Variance of sum of $k$ randomly drawn numbers from $1,...,n$.

1.5k Views Asked by At

From an urn with numbers $1,...,n$ we draw $k < n$ numbers without replacement.

Let $X_i$ be the $i$-th draw. The random variable is their sum $X=\sum_{i=1}^kX_i$.

I have already calculated the expected value of the sum, which is

$$\Bbb{E}[X]=\sum_{i=1}^k\Bbb{E}[X_i]=k\frac{n+1}{2}$$ because each $\Bbb{E}[X_i]=\frac{1}{n}\sum_{i=1}^n i=\frac{n+1}{2}$.

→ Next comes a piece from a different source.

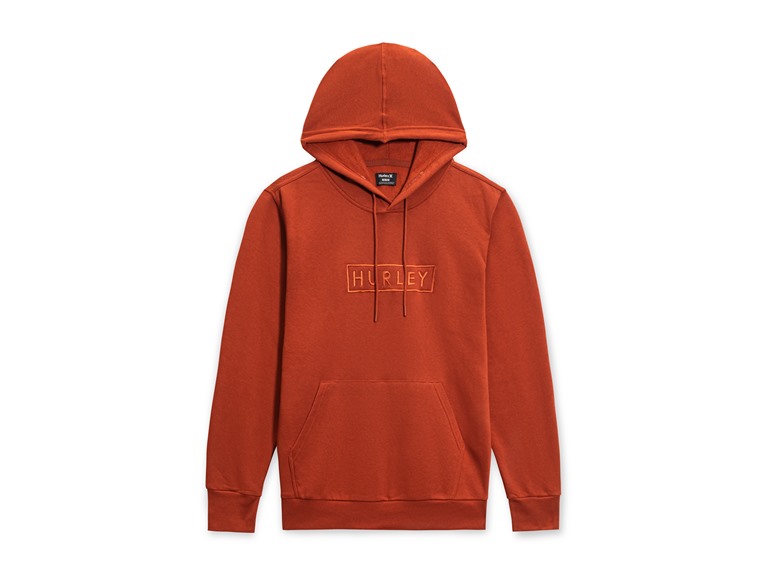 Hurley Men's Box Logo Fleece Pullover Hoodie - Gallery 3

Now the variance of the sum would be $$Var[X]=\Bbb{E}[X^2]-\Bbb{E}[X]^2$$

I have read that the variance of a sum is the sum of variances if the random variables are independent, it does not seem to be the case here, as previous draws determine future draws.

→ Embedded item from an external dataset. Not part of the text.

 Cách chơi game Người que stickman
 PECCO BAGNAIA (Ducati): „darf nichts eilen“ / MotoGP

Is there an elegant way to determine the first summand of the variance?


Edit: I am trying it the ugly way.

$\Bbb{E}[X^2]=\Bbb{E}[(\sum_{i=1}^kX_i)^2]=\Bbb{E}[\sum_{i=1}^k \sum_{j=1}^k X_iX_j]=\sum_{i=1}^k \sum_{j=1}^k \Bbb{E}[X_iX_j]$

To know $\Bbb{E}[X_iX_j]$ we would have to know $\Bbb{P}(X_iX_j=k)$, meaning we would have to know the number of ways to write a number as the product of two factors $1\leq X_i, X_j \leq n$... I am pretty sure I am off the track here, as I do not see a way to do it for a general $n$.

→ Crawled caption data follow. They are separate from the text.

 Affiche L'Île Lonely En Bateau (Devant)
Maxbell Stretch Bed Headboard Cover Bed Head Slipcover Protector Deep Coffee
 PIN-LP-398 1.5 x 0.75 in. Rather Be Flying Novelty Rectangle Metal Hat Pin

Am I wrong to regard the $X_i$ instead of the $X$, which are independent, as two draws of $k$ balls would be independent? Then $\Bbb{E}[X^2]=\Bbb{E}[X]\Bbb{E}[X]$

3

There are 3 best solutions below

4
On BEST ANSWER

Let's do it the ugly way. If any of the steps is confusing, let me know in the comments, I'll elaborate.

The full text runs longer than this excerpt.